Standlake Museum Resources Centre is run by Oxfordshire County Council and the organisation works closely with local museums such as Abingdon, Banbury and the Museum of Oxford. There are over sixty thousand items at the Store and tasks relating to documentation, photography, design and conservation are part of the work undertaken at the Centre.
Many of the textile items are stored in air-conditioned facilities or in the main storage area at the Centre. Public advice is offered regarding conservation of textiles. There are two ‘Open Days’ each year and the public can visit to view items in the research collections. The centre also carries out commercial work. Study Days are organised to enable students to learn skills such as leather working. The Centre is able to offer loans to museums and local organisations.
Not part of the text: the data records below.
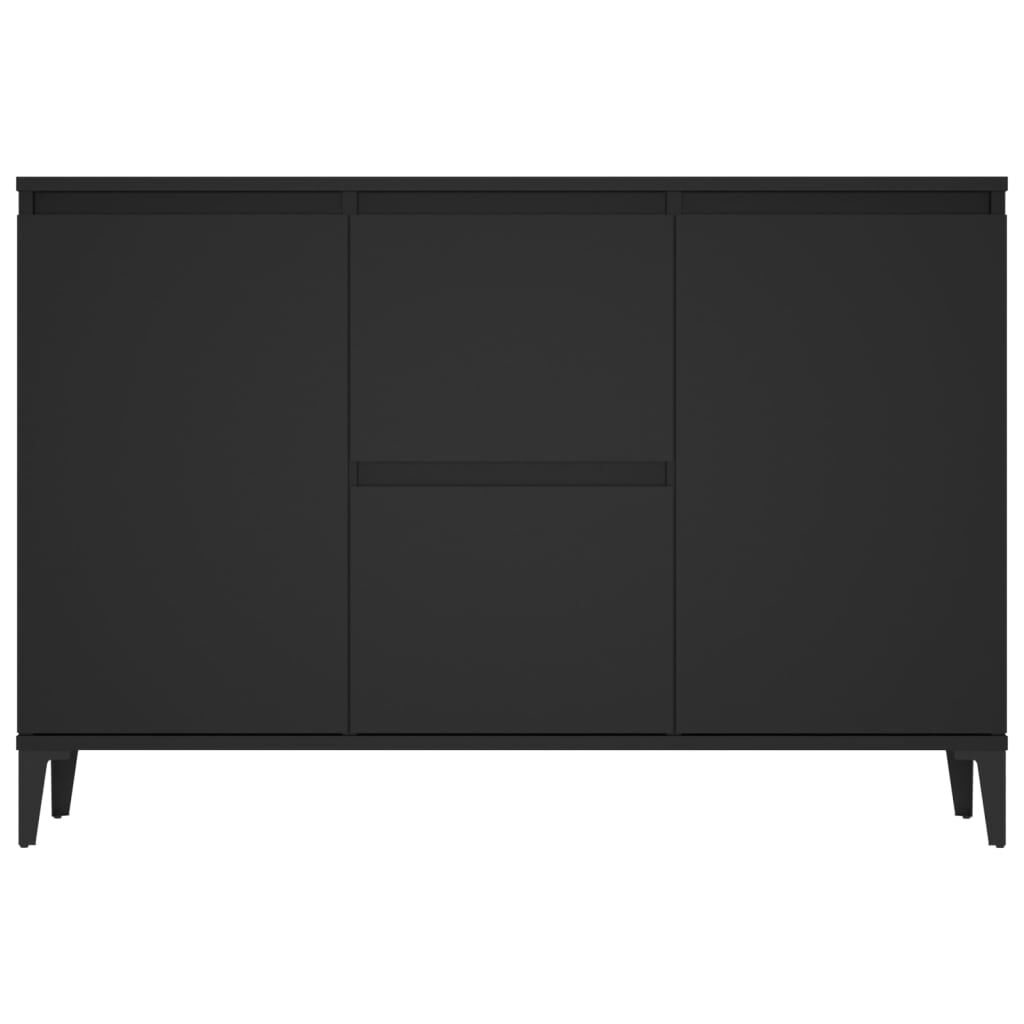 vidaXL Μπουφές Μαύρος 104 x 35 x 70 εκ. από Επεξεργασμένο Ξύλο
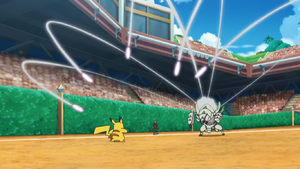 Golisopod de Guzmán usando Misil Aguja/Pin Misil.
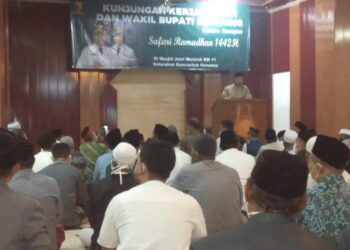 Kunker Bupati Bandung Dalam Rangka Safari Ramadhan 1442, di Masjid Jami Muniroh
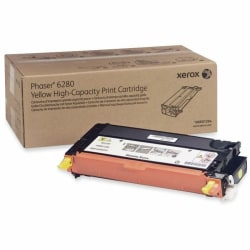 Xerox 6280 Yellow High Yield Toner Cartridge, 106R01394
A diverse textile collection including shoes, gloves, dresses, coats etc. is held at the Store. It is policy to expand the collection adding items such as ‘Oxford Bag’ trousers if they became available. Parts of the collection reflect the work of local industries such as glove or blanket making enterprises.
Items contained within the collection that display a Bicester theme include a pin cushion, lace bobbin and wedding dress owned by Mrs Busby of Lawn Farm and dating from 1914. There are English Civil War collections that feature a buff coat, a Baldrick, saddle, pistol holders, shoes and a hat. Significant items were obtained when the Witney Blanket making industry closed.
Much of the work of the textile conservationists centres on the preventative conservation of items. The storage environment is controlled. Light levels are maintained at subdued levels to prevent fading. Pests attracted to wool, silk, fur, feathers or skins can be frozen at -40 degrees centigrade or destroyed in the nitrogen tank. Care is taken to store items carefully in shoe boxes, using padded coat hangers or costume covers. Items are carefully labelled to reflect the collection number, date acquired, material types or associations with people and places.
Recent acquisitions to the collection have included a Scout Uniform dating from 1910 from Bicester and a Head Warden’s Civil Defence from the Second World War.
Samantha answered questions at the completion of her talk. The Meeting closed at 9:10 pm.